On October 14, HonestReporting addressed a serious problem with a report broadcast on NPR. Emily Harris interviewed the father of a Palestinian teenage terrorist shot dead after stabbing and wounding two Israelis in Jerusalem.
When asked as to what motivated his son to carry out such an act, the father stated that it was anger at a video of a female Palestinian terrorist being shot dead by Israelis. However, Harris then interviewed the family of the woman in the video, who was actually alive and in Israeli custody. We took NPR to task for broadcasting the claim that she was dead without making it clear that this was patently false.
HonestReporting’s readers evidently complained en masse to NPR’s ombudsman Elizabeth Jensen who responded in a column on NPR’s website:
This week’s email brought a large number of complaints about Emily Harris’s Oct. 13 All Things Considered report in which she interviewed the families of two Palestinian teenagers who were accused of attacking Israelis. Many of the emails appeared to have been sparked by this article from the organization HonestReporting, whose mission is “Defending Israel From Media Bias.”
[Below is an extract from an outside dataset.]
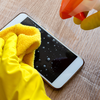 Manter um frasco de álcool isopropílico e um pano de microfibra na bolsa ou no carro pode facilitar limpeza - Foto: Envato Elements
Many emailers referenced in particular the interview with Qassam Badran, whose son was accused of stabbing “two Israeli civilians as they walked near Jerusalem’s Old City,” according to the story. Israeli police later killed the son.
In the interview, Badran (speaking through an interpreter) made a misstatement. As a clarification added to NPR’s report notes:
In this report, a Palestinian father is quoted saying his son was angry about a video showing a Palestinian woman who was accused of attacking an Israeli and was killed by Israeli police. In fact, as we reported later in the story, the woman was not killed. She was injured and is in Israeli custody.
New York listener Yael Schlenger, expressing a sentiment of many, wrote to my office: “I am appalled at the poor journalism and lack of journalistic integrity that Emily Harris shows in this piece. She accepted a completely false narrative that she then actually proves false herself when she does not challenge the fact that the female who was wounded after she stabbed someone did not in fact die.”
Editors in the newsroom told me the mistake was not Harris’s. Larry Kaplow, NPR’s international editor for the Middle East, said the father’s misstatement was noticed in advance, during editing. Kaplow said he intended to have a producer remove the misstatement from the report’s audio, so there would not be any confusion for listeners, but he forgot to have the voice-over (the English translation from Arabic) corrected. As the clarification notes, Harris was well aware—and reported—that the woman was alive.
You can read the rest of Jensen’s column here.
We appreciate that NPR acknowledged the error and made a clarification. Out of all international news, nothing causes as much sensitivity as coverage of Israel and the Mideast conflict. It is therefore incumbent upon NPR and other media to avoid making such serious errors.
Thank you to our readers and subscribers for taking action and holding NPR to account. While one person may not make a difference, together thousands can.